Sounds great, you are thinking. You are right, and you are in luck. The course will be offered again twice this year—a second iteration starts on June 24 and a third one in October. After reading the student comments below, you won’t want to miss the opportunity to learn how you can apply Bahá’í teachings on the eradication of racism to everyday life and community-building efforts. Here is what one student from Racine, Wisconsin, took away from the course. She had six goals for her learning experience, what she calls her Personal Learning Plan.

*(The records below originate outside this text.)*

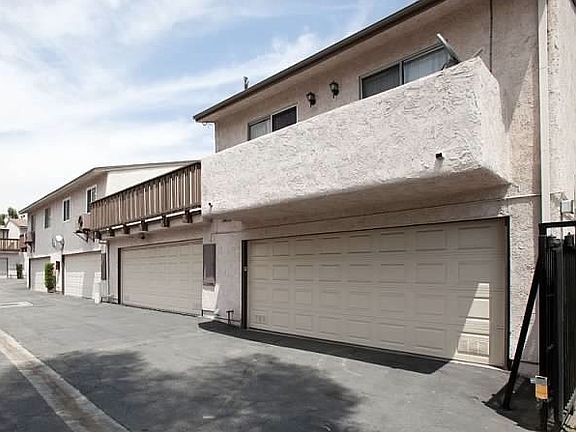 3rd image of 829 E Acacia Ave APT B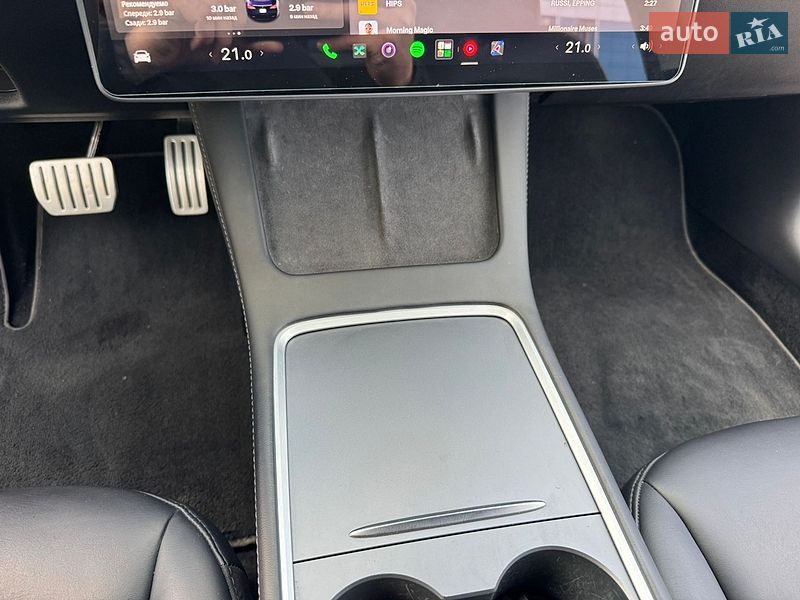 Седан Tesla Model 3 2023 в Ивано-Франковске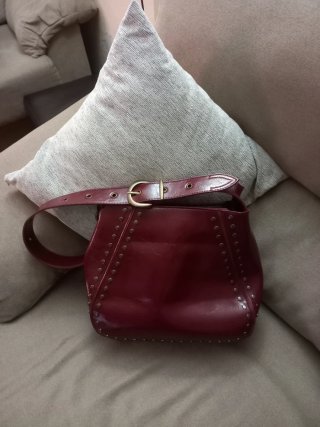 Bolso Parfois granate tachuelas 30x25x9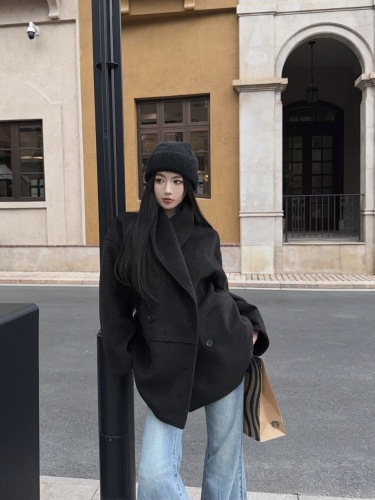 Real shot of the new autumn and winter mid-length woolen coat, stylish and fashionable woolen coat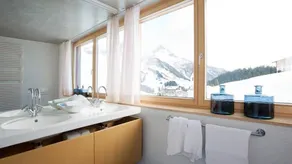 Apartment with sauna & terrace - Image 4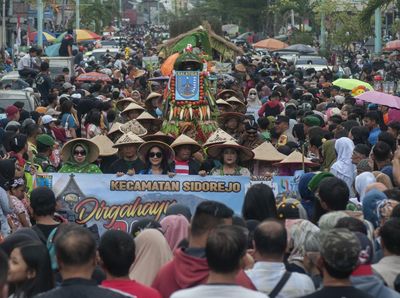 Meriahnya Kirab Budaya Hari Jadi Kota Salatiga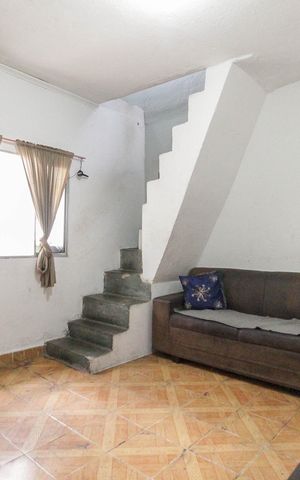 Casa à venda com 166m², 4 quartos e sem vagaSala Casa 2
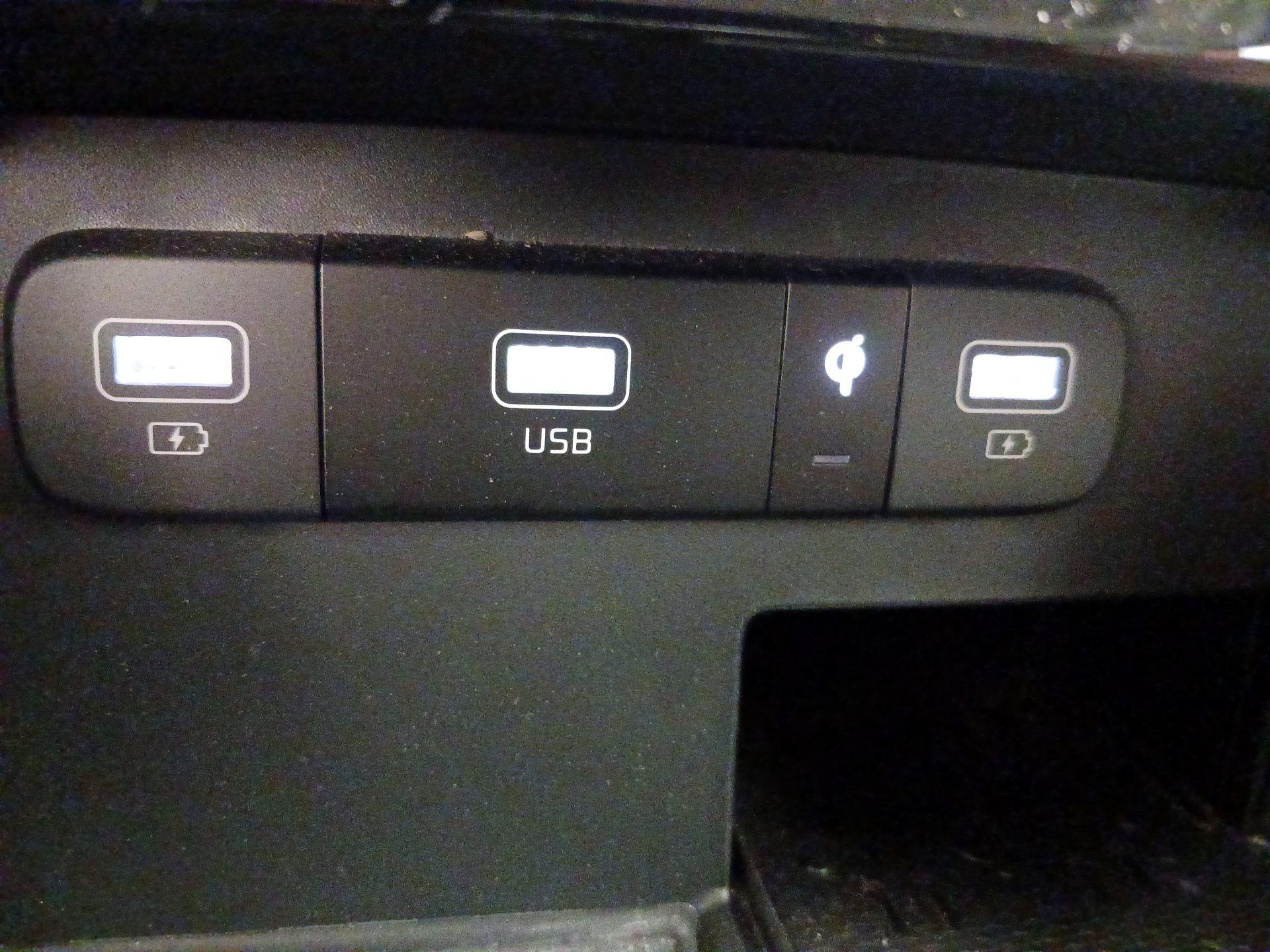 Thumbnail: 2024 Kia Carnival - 19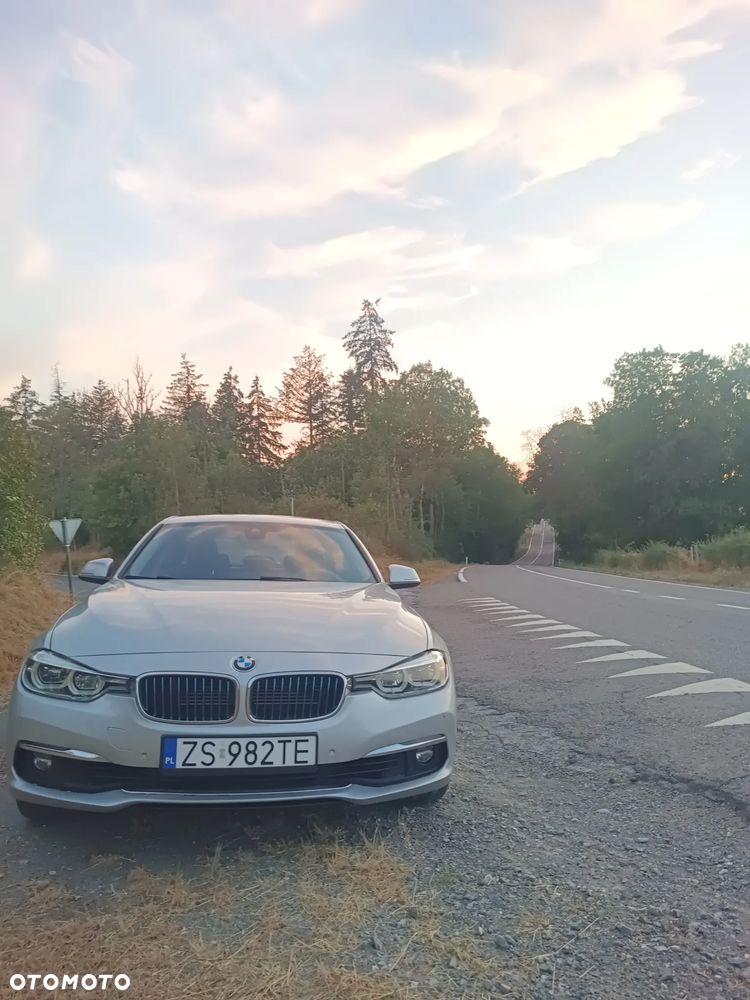 BMW Seria 3 330e iPerformance Luxury Line - 3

I received so much more from this course than my Personal Learning Plan! Reflecting on my learning, it seems one has a choice of approaching a course on the history of anti-Black racism as either an intellectual experience or as a participatory experience. It’s possible to study anti-Black racism from a third-person perspective and intellectualize the process, keeping one’s self “safely at a distance.” Or I can use the knowledge to help me see myself as an intimate part of the whole and from the studies realize and take responsibility for my role in the process. This course was for me, the latter, in a very visceral way. I am beginning to understand deeply the harm we have caused to Pupil of the Eye, and I am beginning to understand my role in dismantling racism going forward, especially unconscious bias in Bahá’í communities. [Bahá’u’lláh and ‘Abdu’l-Bahá both refer to people of African descent as the Pupil of the Eye; the phrase has been adopted by many African Americans as a way of referring to themselves.]
I have gained deeper understanding and insights in all topics; previously I understood a “tiny bit” of each topic, but this course has filled in huge knowledge gaps in my understanding. As a result of this deepened knowledge base, my ability to speak with others about racism is more direct and with more confidence.

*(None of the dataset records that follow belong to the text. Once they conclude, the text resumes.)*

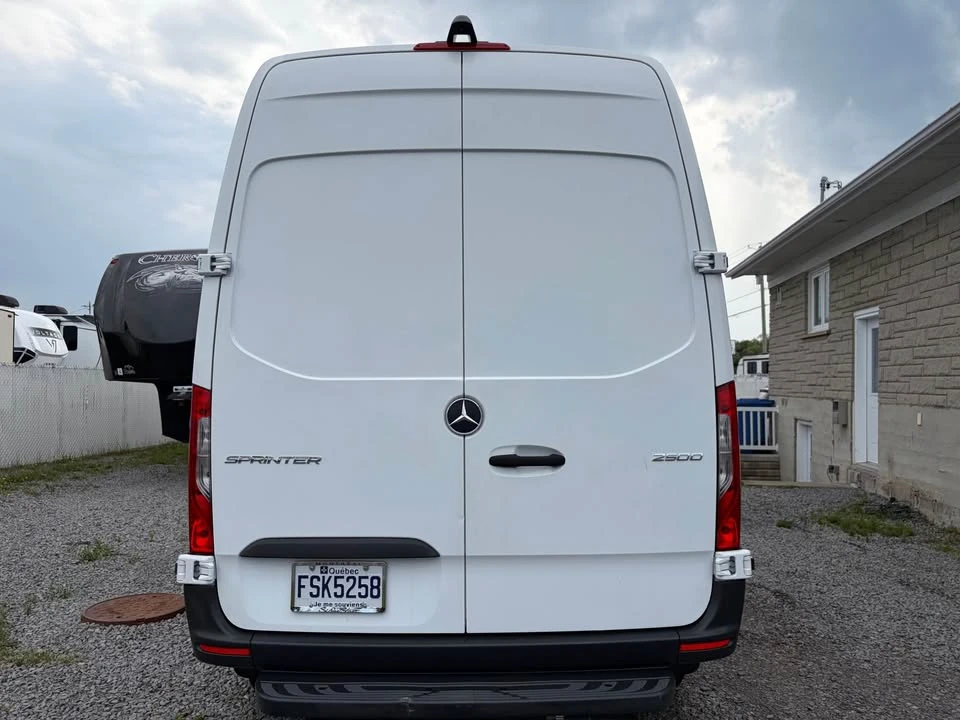 2021 Mercedes-Benz VS30 Sprinter - Image 4 of 13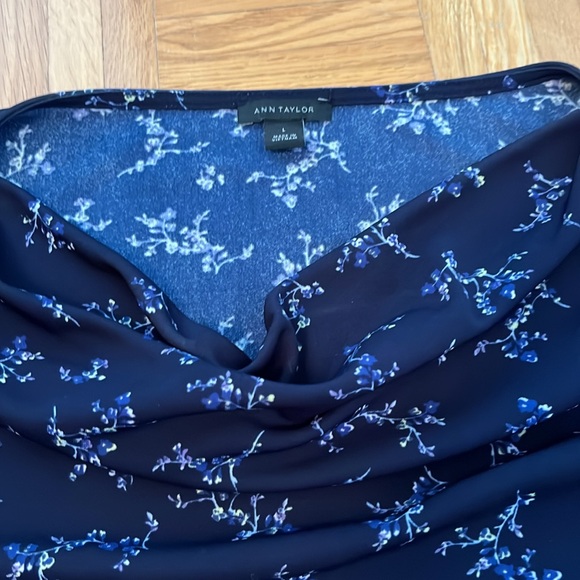 Ann Taylor cowl neck short sleeve top - Picture 2 of 2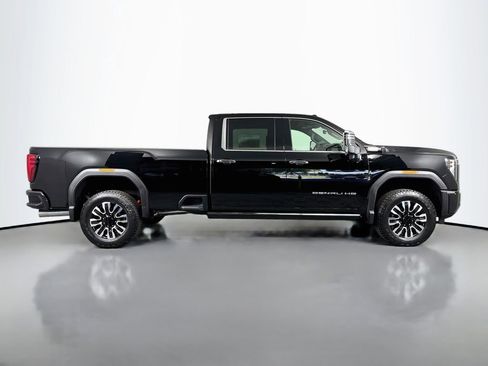New 2026 GMC Sierra 3500 Denali Ultimate AWD/4WD image 8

In terms of experiencing new feelings and attitudes as a result of taking the course on anti-Black racism, I can say this: I am heartbroken at the unjust long-suffering the Pupil of the Eye has endured, as we whites have gone about our business as usual. I am saddened at the lack of Bahá’í response for so, so long. I am grateful that many now are beginning to see, myself included. I am hopeful that this is the time of great change as more and more friends awaken and work to dismantle anti-Black racism. I am confident that humanity will eventually together succeed, because of Bahá’u’lláh’s teaching of the truth of the oneness of humanity. Regardless of the heartbreaking pain we can cause, the truth from Bahá’u’lláh is oneness, and this must come to fruition. . . .
Now that this course has ended, I will strengthen relationships with local anti-racism groups. I am soon co-facilitating a group on unlearning racism for Bahá’ís. I will also continue ongoing grassroots efforts in my neighborhood, building relationships and working with neighborhood protagonists to better understand the needs of our diverse community. I will strive to improve as an upstander [a term used in the course for an ‘active bystander‘ who confronts casual racism when he or she sees it], within Bahá’í communities and in the world at large. And I will continue to educate myself, to continually look within and see how I am doing regarding my own unconscious white bias. For me, this brings new personal meaning to the Words of Bahá’u’lláh cited in the very first section of Ruhi Book 1 [also in Gleanings 305]:
“Beware, O people of Bahá, lest ye walk in the ways of them whose words differ from their deeds.”
Thank you to faculty and teaching assistants. I am eternally grateful for your service.